Pitching aside, LOOK AT THE FUN BAG OF COLORFUL WONDERNESS THAT IS THEIR OFFENSE:

Well, if it isn’t our old friend Hunter Pence. And I’m playing it a little fast and loose with word “old” thanks to the polychromatic Longbottom-glow-up he did to his swing during the offseason. Fantasy baseball owners have no need for Viagra thanks to the performance that the 36-year old Pence has been putting on since his arrival in his hometown of Arlington. He has a career-best 1.015 OPS with, count em, 10 home runs and 31 RBI.

Just a single year ago when the outfielder was with the San Francisco Giants, Pence’s numbers carried weren’t quite as appealing (.226/.258/.332 in 235 at-bats) and everyone assumed the epilogue in his career had been written in permanent marker. But instead of getting a life alert button and looking up casting calls for the third installment of Cocoon, Pence revamped his swing in the Dominican Winter League with Toros del Este. Not only did he adjust his signature swing and raise his exit velocity, but he managed to put a tiny cap on his wacky running style.

That’s right.

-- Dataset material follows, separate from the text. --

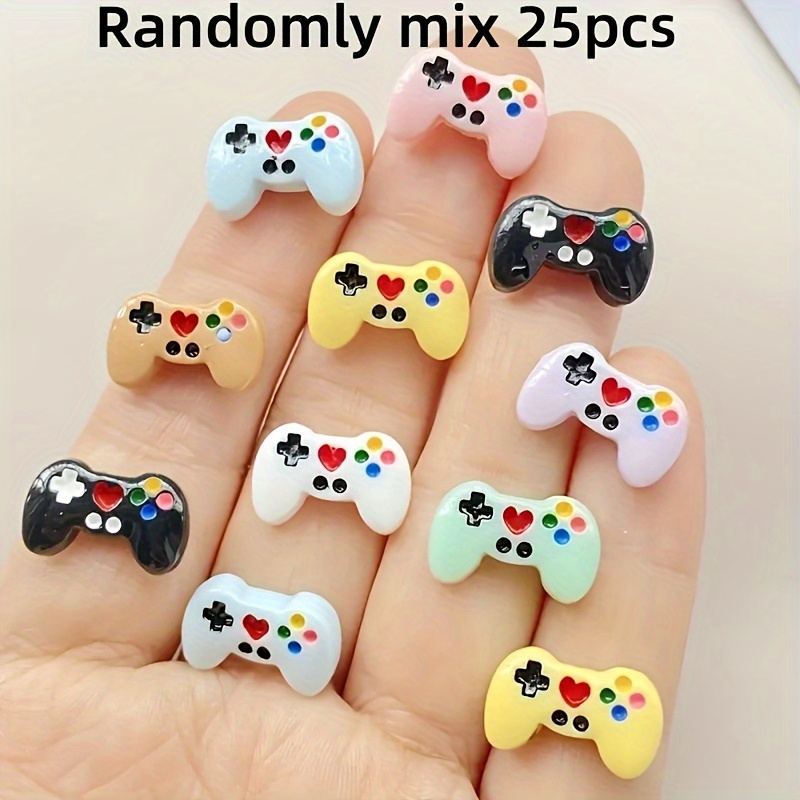 E-shop 25 Stück Mini-Game-Controller Resin-Anhänger - Bunte Flachrücken-DIY-Bastelornamente für Schmuckherstellung, Nageldesign, Scrapbooking-Zubehör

He no longer looks like a Jack Russell attempting to run away in snow wearing socks for the first time.

Pence isn’t the only one making noise in the offense department for the Rangers. Get a load of this googly-eyed, baby-faced dude:

Whispers are starting to circulate that center fielder Joey Gallo has gone off the rails in a remarkable way and he’s making himself a case for Most Valuable Player (there’s a reason why these are just whispers though, folks – calm the heck down and don’t put a price on my head just yet). Gallo is leading the league in OPS (1.113) and hitting .293/.426/.687. I mean, c’mon – that’s freaking amazing. The dark smudges on his paperwork don’t come from him himself, but from the fact that the Rangers perhaps won’t make the playoffs (I said PERHAPS, leave me alone).

After sweeping the Mariners, there’s a reason why the Rangers and their fans have a sudden burst of optimism and a skip in their step. But don’t forget that they have the pesky Houston Astros in their division and while they’re sitting below them in second place in the AL West, they’re 7.0 games behind with a pretty treacherous road ahead of them.

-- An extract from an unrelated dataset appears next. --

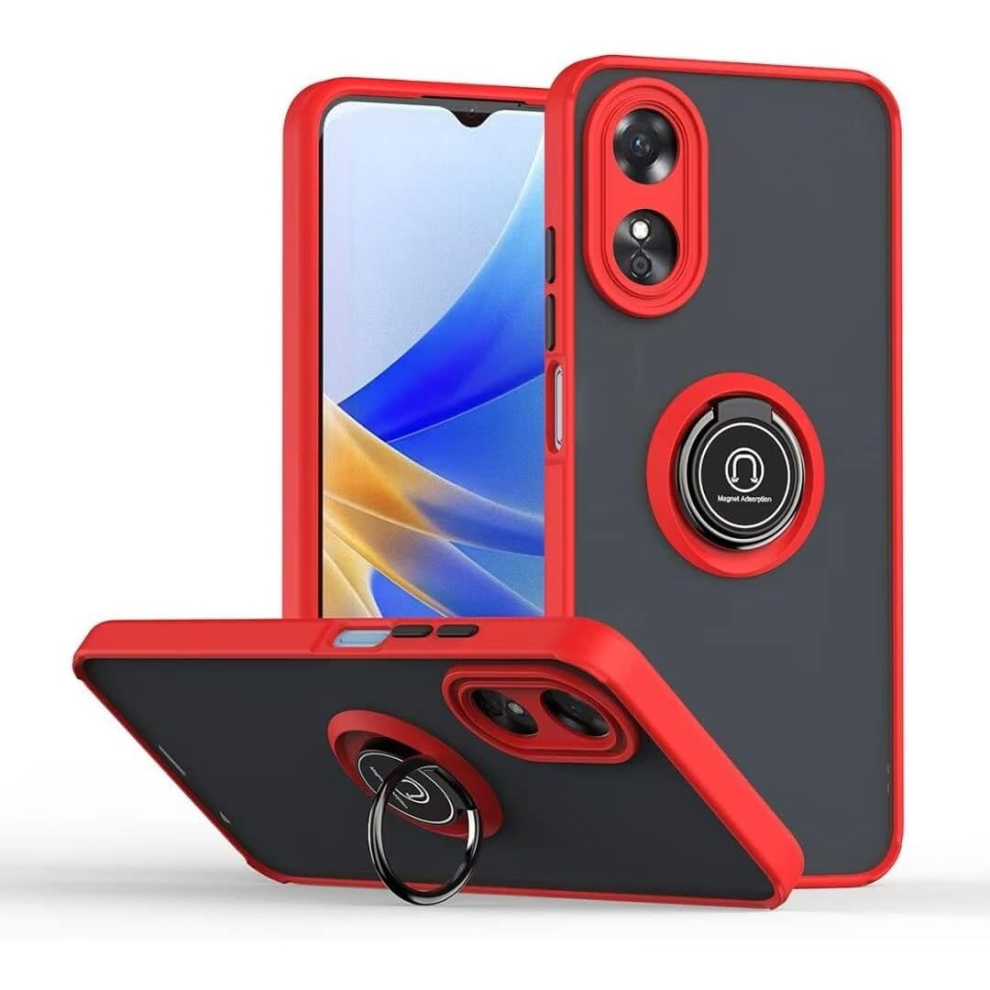 (Oppo A58 (5G) / A78 (5G), ) For Oppo A58 / A78 5G Shockproof Ring Armour Case Red 5059302095523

Listen, the Rangers have suffered through a pretty bleak decade so far. If you bring up the 2011 World Series to anyone within a 300-mile radius of the Dallas-Fort Worth metroplex, you’ll get pummeled with a sea of Whataburger spicy ketchup and freakin’ drown while questioning all your life’s decisions. Not only that, but the fanbase has had that earworm tune “Baby Shark” forced on their sanity this season (though the culprit of that, the beloved Elvis Andrus, sustained a right hamstring strain and was placed on the 10-day injured list. Baby shark be damned!)

So the fanbase who has been through quite a ride will continue to enjoy their entertaining team without an ounce of regret - come rain or tornado shine.